Quando recebeu o chamado para partir para Moçambique, Mario Angelo se viu diante de vários pontos de interrogação. Eram poucas as informações que chegavam do lugar onde ele estaria dali a alguns dias. “Uma missionária moçambicana nos enviava algumas informações, mas muito poucas, uma vez que a internet foi afetada por lá. Por ser uma nação pobre, não havia toda a questão midiática em cima, diferente, por exemplo, da cobertura que foi dada ao incêndio na Catedral de Notre-Dame, em Paris, apenas um dia após a passagem do ciclone”, compara.

O médico, que custeou sua viagem e contou com a ajuda da família e de doações para levar medicamentos, partiu do Brasil em direção à África do Sul, para depois seguir para Moçambique. Ele diz que a ficha realmente caiu quando o avião se preparava para pousar em seu destino. “Da janela do avião pude observar grandes áreas alagadas, mesmo algumas semanas após a passagem do ciclone. Ali tive a noção de que realmente aquele povo precisava de ajuda”, diz.

A imagem Símbolo da Viagem, garoto quase morto por desidratação – foto arquivo pessoal

Dos atendimentos que fez no continente africano, um em especial o doutor Mario Angelo guarda na memória. “Nos chegou um menino de uns 5, 6 anos, praticamente morto por desidratação. Fazia quatro dias que ele não comia ou bebia nada, antes de ser levado para barracas da ONU. Lá há uma cultura de que os adultos se alimentam antes das crianças, então ele estava em uma situação bastante precária. Mas bastou administrar um litro de soro, metade pela veia e metade por via oral, para ele se reanimar e ir embora dando tchau para a nossa equipe. Para mim, esta é a imagem símbolo de minha viagem”, garante.

Lições de vida

E o que mudou após esta experiência? “Minha visão da medicina não mudou muito, pois me identifico, desde sempre, com a questão da saúde pública, humanitária. Sou um militante em defesa do SUS (Sistema Único de Saúde) e acredito no conceito de saúde para todos, independente das condições econômicas, cor da pele, local onde mora. Toda esta experiência veio de encontro ao que eu penso sobre a questão da saúde. Mas o que muda, realmente, é a nossa visão como ser humano. A gente deixa de ser ingrato, de ser mesquinho, de se preocupar com coisas tolas, para tentar ser uma pessoa melhor, com mais empatia.

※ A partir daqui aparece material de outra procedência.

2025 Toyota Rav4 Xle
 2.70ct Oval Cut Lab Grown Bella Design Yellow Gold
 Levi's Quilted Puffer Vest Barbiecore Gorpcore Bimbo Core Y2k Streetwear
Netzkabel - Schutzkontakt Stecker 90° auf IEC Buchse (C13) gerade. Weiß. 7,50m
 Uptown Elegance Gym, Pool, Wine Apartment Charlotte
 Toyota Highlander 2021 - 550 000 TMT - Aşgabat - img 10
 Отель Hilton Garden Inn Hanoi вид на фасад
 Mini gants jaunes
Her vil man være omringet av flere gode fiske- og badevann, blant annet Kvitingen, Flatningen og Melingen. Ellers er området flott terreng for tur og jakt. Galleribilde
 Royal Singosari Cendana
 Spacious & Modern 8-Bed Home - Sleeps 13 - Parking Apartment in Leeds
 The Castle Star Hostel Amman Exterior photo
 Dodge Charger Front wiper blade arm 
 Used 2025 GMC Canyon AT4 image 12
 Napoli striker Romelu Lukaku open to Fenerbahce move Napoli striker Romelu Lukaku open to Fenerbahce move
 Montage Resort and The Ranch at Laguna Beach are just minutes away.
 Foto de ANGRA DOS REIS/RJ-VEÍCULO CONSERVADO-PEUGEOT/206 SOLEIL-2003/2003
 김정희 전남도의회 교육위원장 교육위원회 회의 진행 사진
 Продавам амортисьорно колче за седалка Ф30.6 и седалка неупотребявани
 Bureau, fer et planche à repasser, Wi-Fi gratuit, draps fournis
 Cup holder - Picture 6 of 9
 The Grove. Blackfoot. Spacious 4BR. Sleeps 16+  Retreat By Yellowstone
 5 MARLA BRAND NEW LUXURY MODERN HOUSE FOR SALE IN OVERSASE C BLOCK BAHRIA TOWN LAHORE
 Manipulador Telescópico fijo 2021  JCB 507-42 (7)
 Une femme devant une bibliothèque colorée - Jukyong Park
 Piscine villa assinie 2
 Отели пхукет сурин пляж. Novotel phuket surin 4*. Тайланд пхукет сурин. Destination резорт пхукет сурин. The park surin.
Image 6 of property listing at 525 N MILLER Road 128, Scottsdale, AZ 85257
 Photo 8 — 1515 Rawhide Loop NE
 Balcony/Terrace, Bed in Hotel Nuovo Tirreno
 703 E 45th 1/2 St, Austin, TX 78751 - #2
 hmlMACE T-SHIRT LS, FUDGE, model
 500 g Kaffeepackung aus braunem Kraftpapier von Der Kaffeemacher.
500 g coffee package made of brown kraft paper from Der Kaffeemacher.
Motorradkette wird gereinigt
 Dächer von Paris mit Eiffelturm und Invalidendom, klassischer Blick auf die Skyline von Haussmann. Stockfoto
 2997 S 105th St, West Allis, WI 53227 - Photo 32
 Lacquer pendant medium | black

Entendemos que o nosso trabalho no mundo deve ser este, o de fazer com que as pessoas tenham uma vida melhor”, relata.

E você acha que o desejo de ajudar do médico para por aí? Em novembro ele pretende partir em nova missão pelos Voluntários sem Fronteira, desta vez acompanhado da mulher e da mãe. “Devemos nos unir a outros voluntários para prestar ajuda em saúde e educação junto aos refugiados de guerra no Iraque”, planeja Mario Angelo.